#### Data extract
[Start of Attachment]

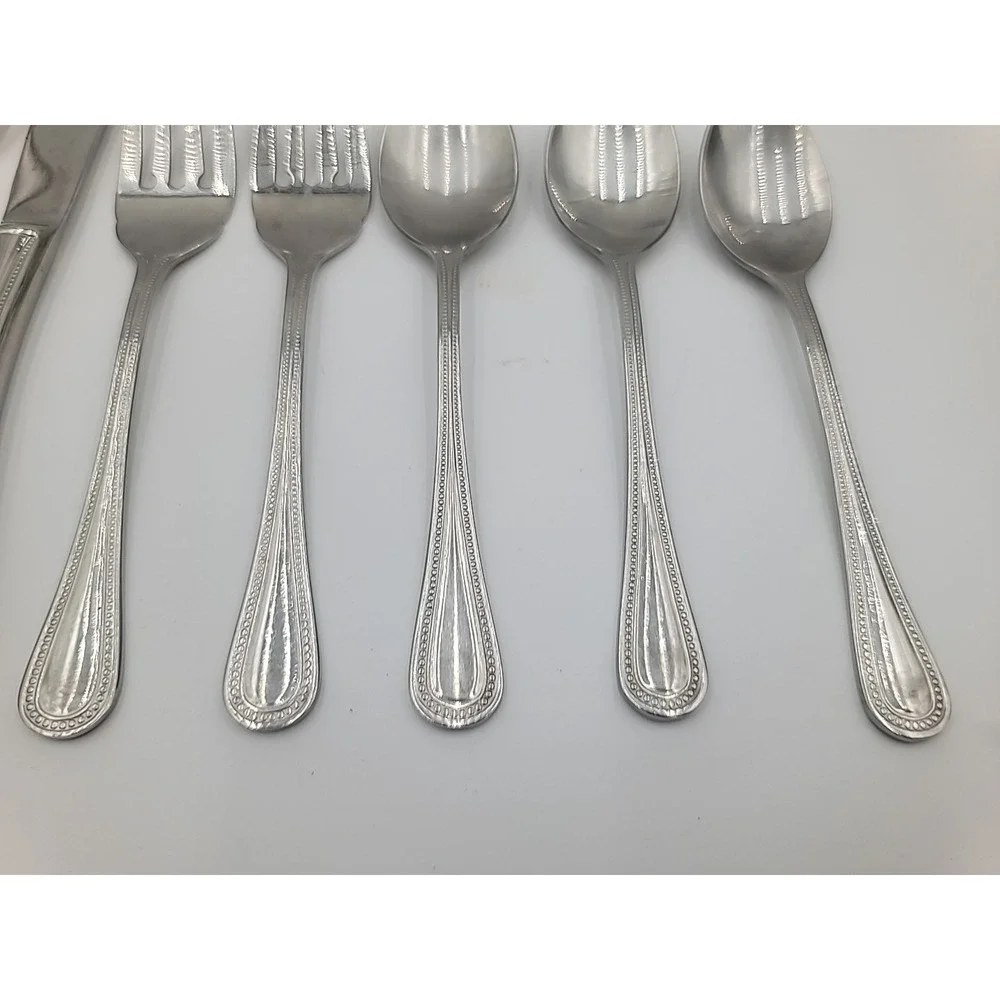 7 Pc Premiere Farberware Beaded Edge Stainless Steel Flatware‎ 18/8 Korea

[End of Attachment]
[Start of Attachment]

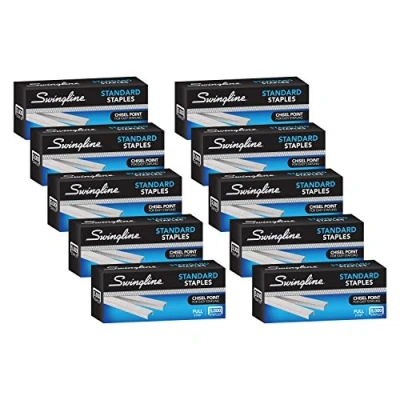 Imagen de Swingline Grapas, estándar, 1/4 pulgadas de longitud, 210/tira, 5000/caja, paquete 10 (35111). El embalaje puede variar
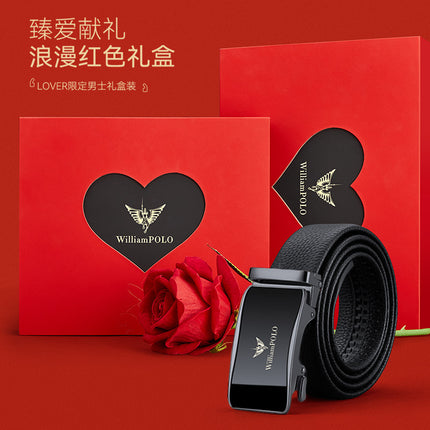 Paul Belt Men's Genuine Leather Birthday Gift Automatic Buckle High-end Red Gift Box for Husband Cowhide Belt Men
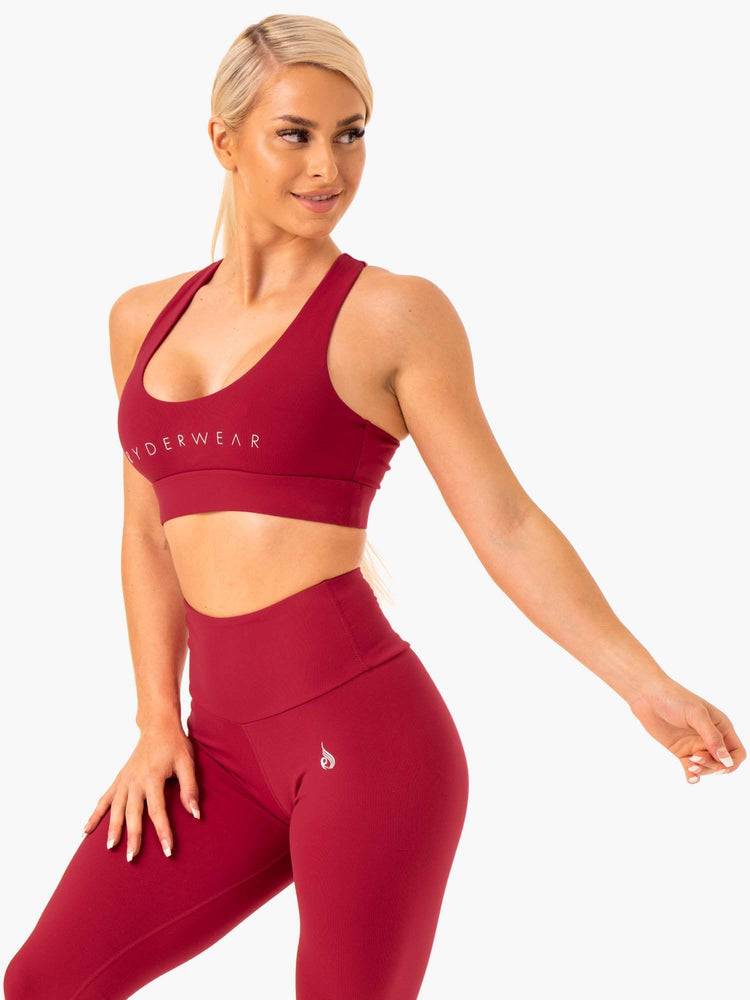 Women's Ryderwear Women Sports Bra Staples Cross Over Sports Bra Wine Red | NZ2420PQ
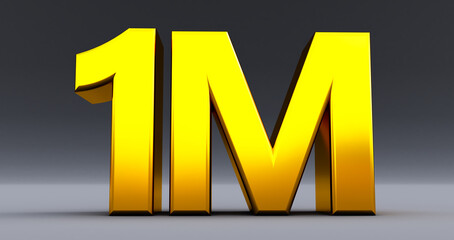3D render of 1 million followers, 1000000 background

[End of Attachment]

#### Your instructions
Return exactly the lines that appear in the data above between the line containing "Paul Belt Men's" and the line containing "3D render of", both of which are included, and leave the pictures out.

#### Answer space
 Paul Belt Men's Genuine Leather Birthday Gift Automatic Buckle High-end Red Gift Box for Husband Cowhide Belt Men
 Women's Ryderwear Women Sports Bra Staples Cross Over Sports Bra Wine Red | NZ2420PQ
3D render of 1 million followers, 1000000 background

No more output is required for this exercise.